Could you copy exactly the lines below, beginning at the line with "32635 Jefferson Drive 35, Solon, OH 44139" and stopping after the line with "Kate Spade Vibrant", with no pictures?

Content starts

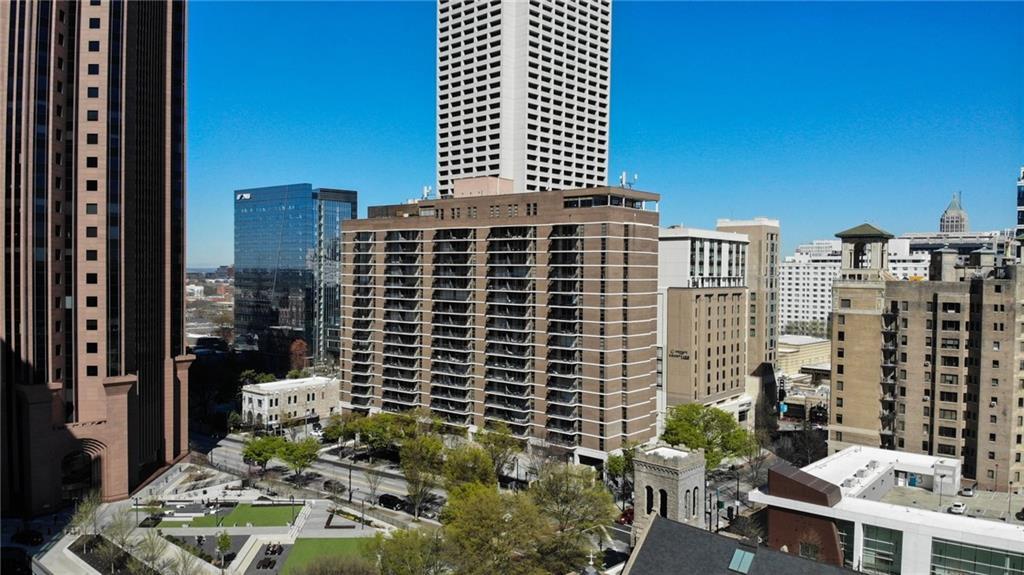 Photo one of 620 Peachtree Ne St # 1806 Atlanta GA 30308 | MLS 7542811F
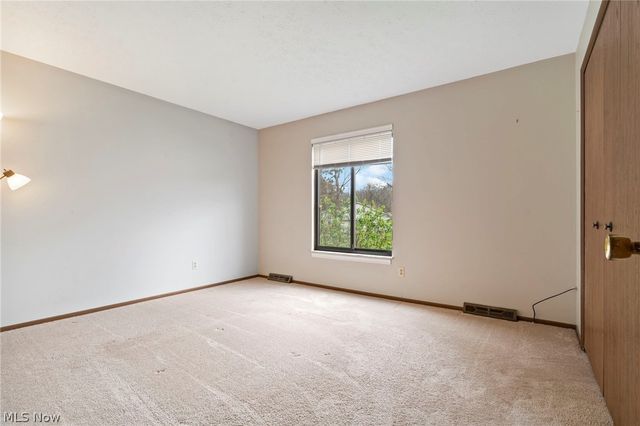 32635 Jefferson Drive 35, Solon, OH 44139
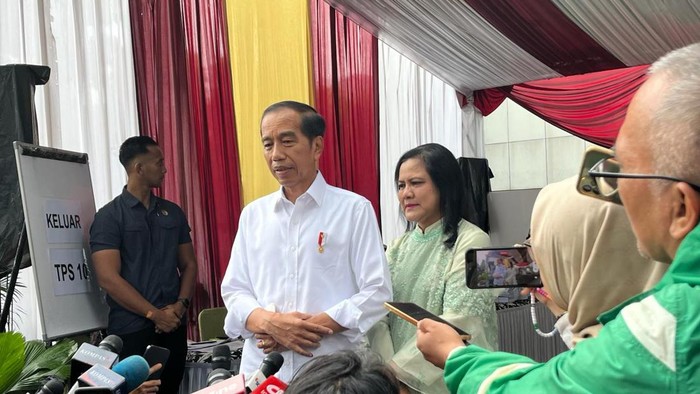 Didampingi Istri Tiba di TPS 10, Gedung LAN Gambir, Jokowi Harap Pemilu Jadi Pestanya Rakyat dengan Riang Gembira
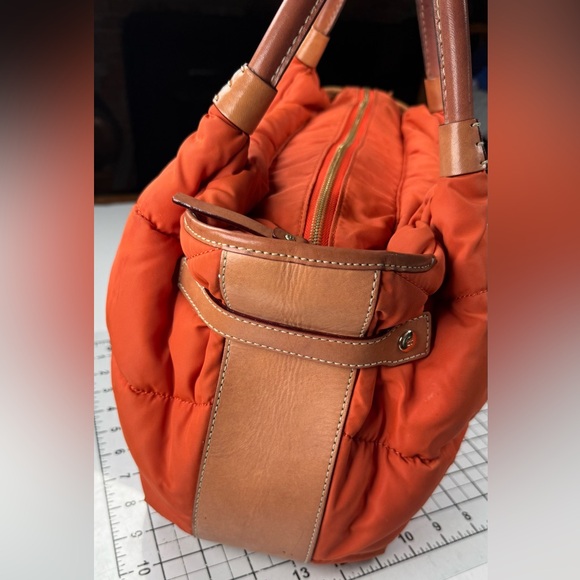 Kate Spade Vibrant Orange Quilted Puffer Satchel. With leather accents - Picture 4 of 8
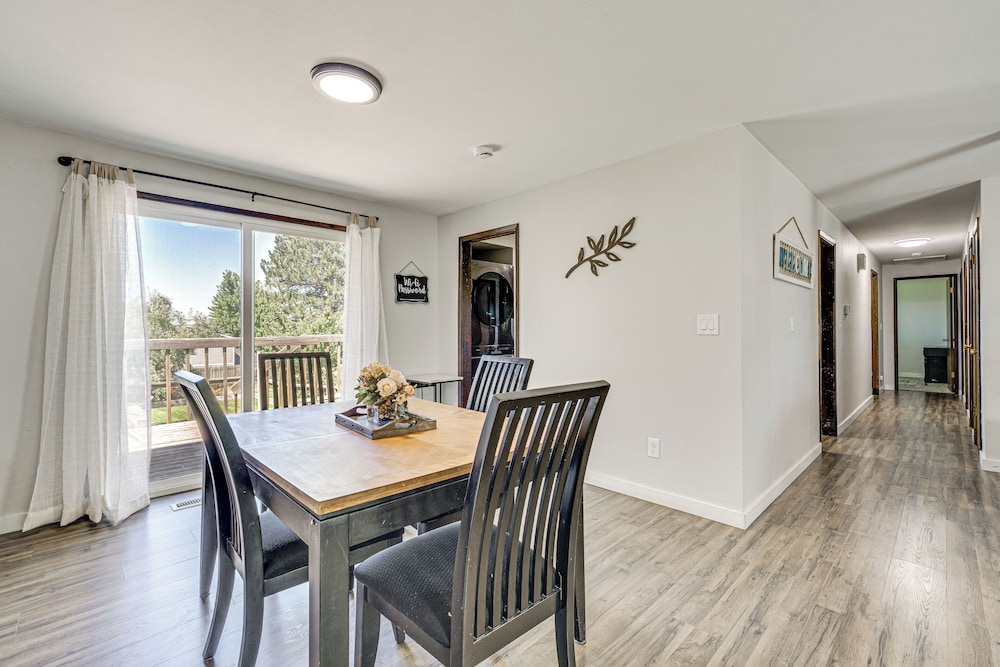 Cozy Apt w/ Private Deck, 2 Mi to Toyota Center!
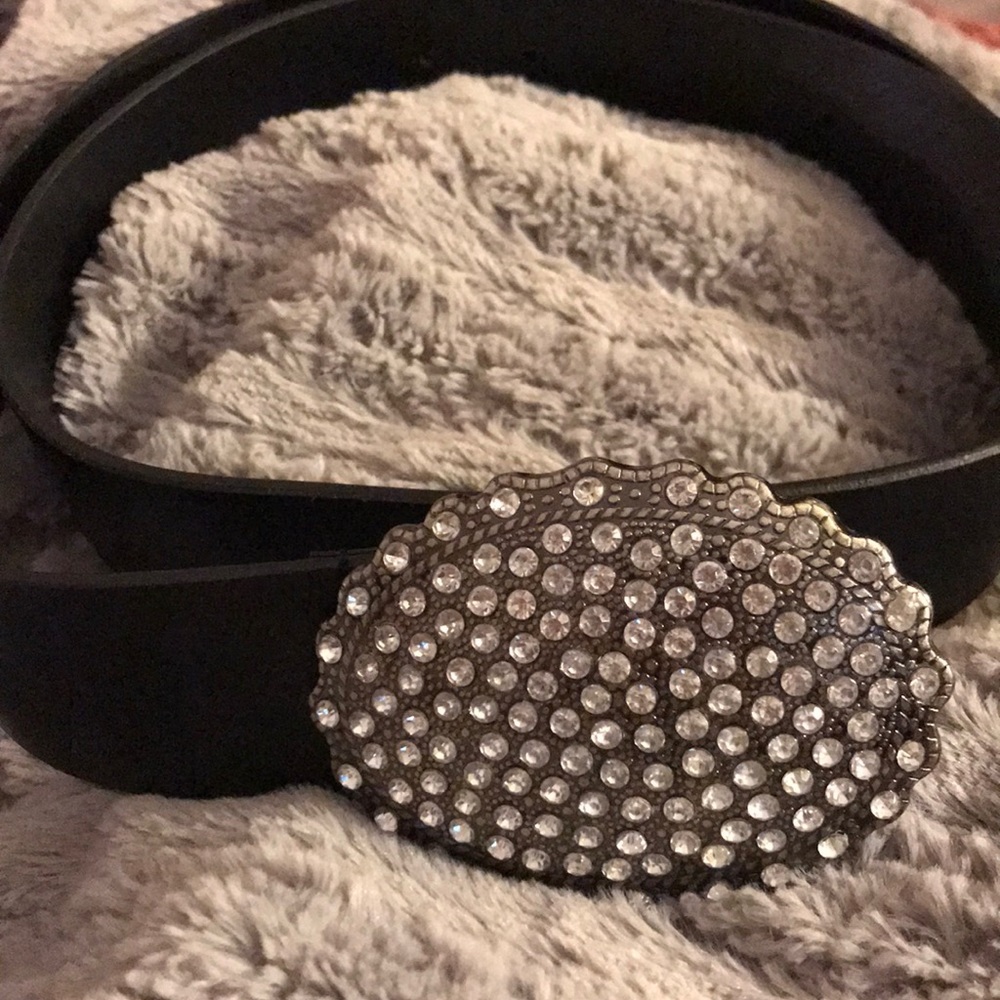 New York & Co black belt with rhinestone buckle
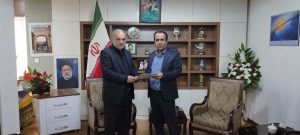 تجلیل فرماندار ارومیه از عکاس و مستندساز شرکت آب و فاضلاب آذربایجان غربی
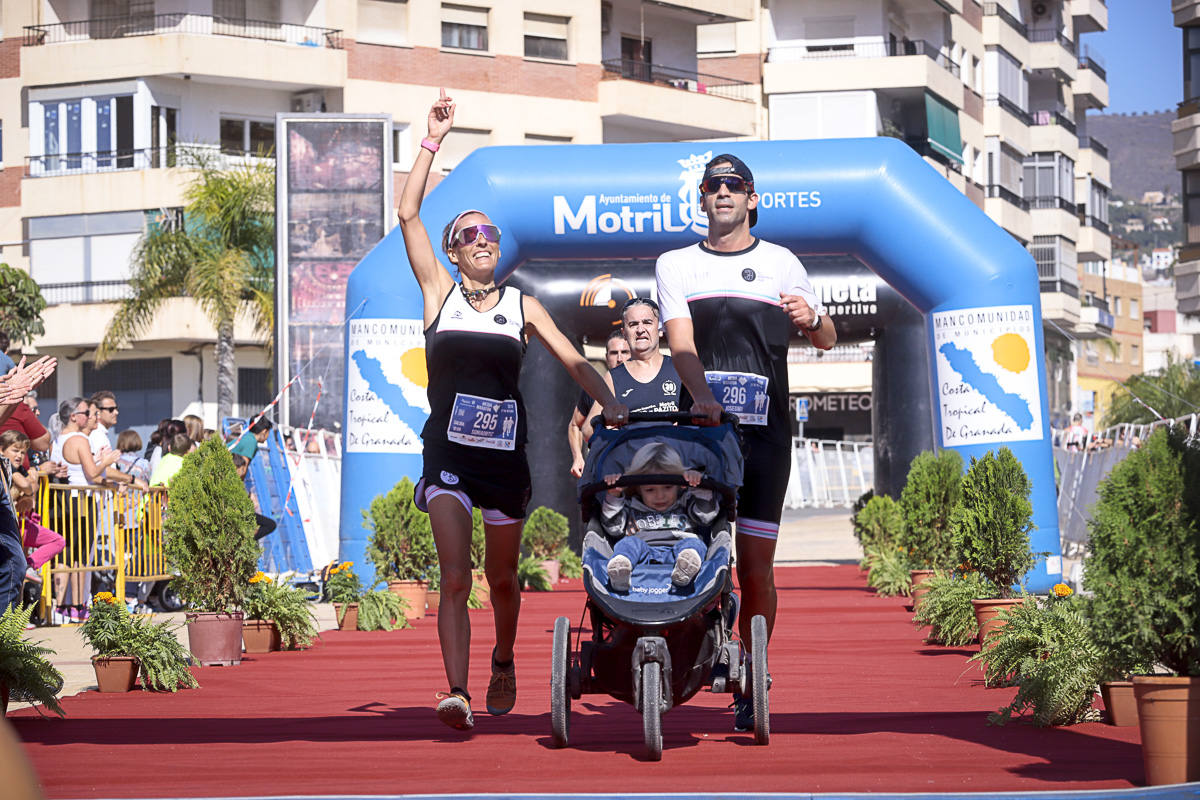 Los marroquís Abdelhadi El Mouaziz y Nazha Machouh reinan en Motril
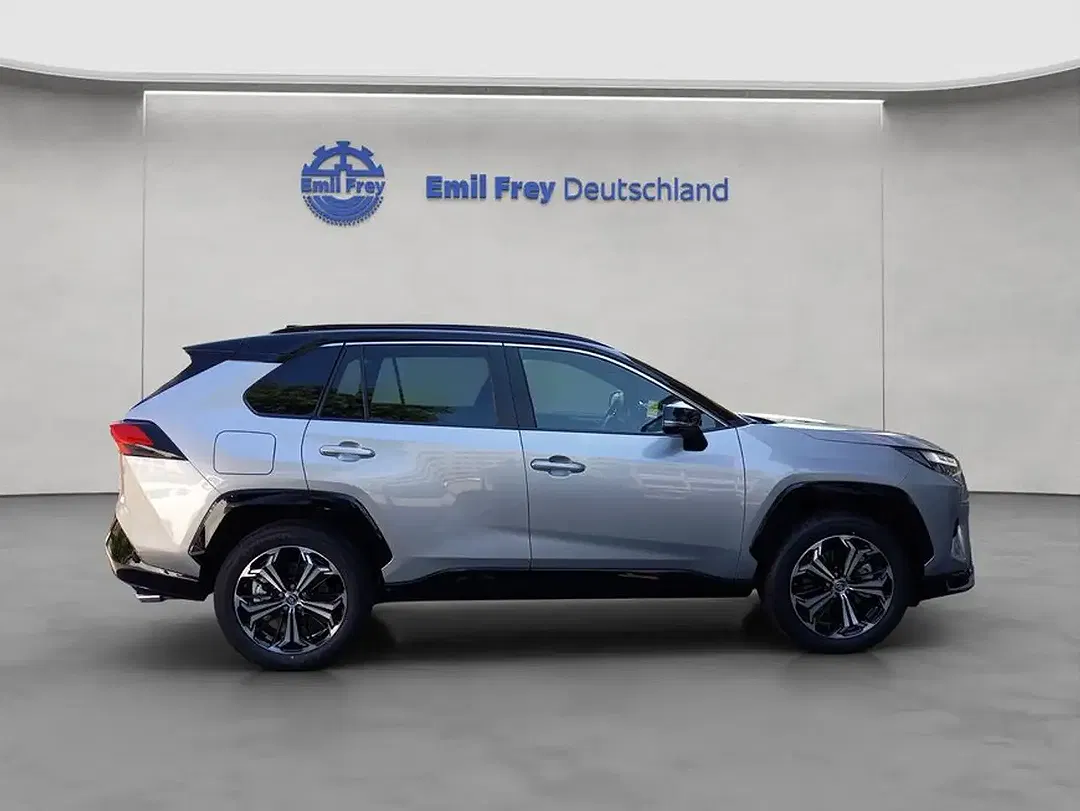 Toyota RAV 4 - Thumbnail 7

Content ends

## Answer section
 32635 Jefferson Drive 35, Solon, OH 44139
 Didampingi Istri Tiba di TPS 10, Gedung LAN Gambir, Jokowi Harap Pemilu Jadi Pestanya Rakyat dengan Riang Gembira
 Kate Spade Vibrant Orange Quilted Puffer Satchel. With leather accents - Picture 4 of 8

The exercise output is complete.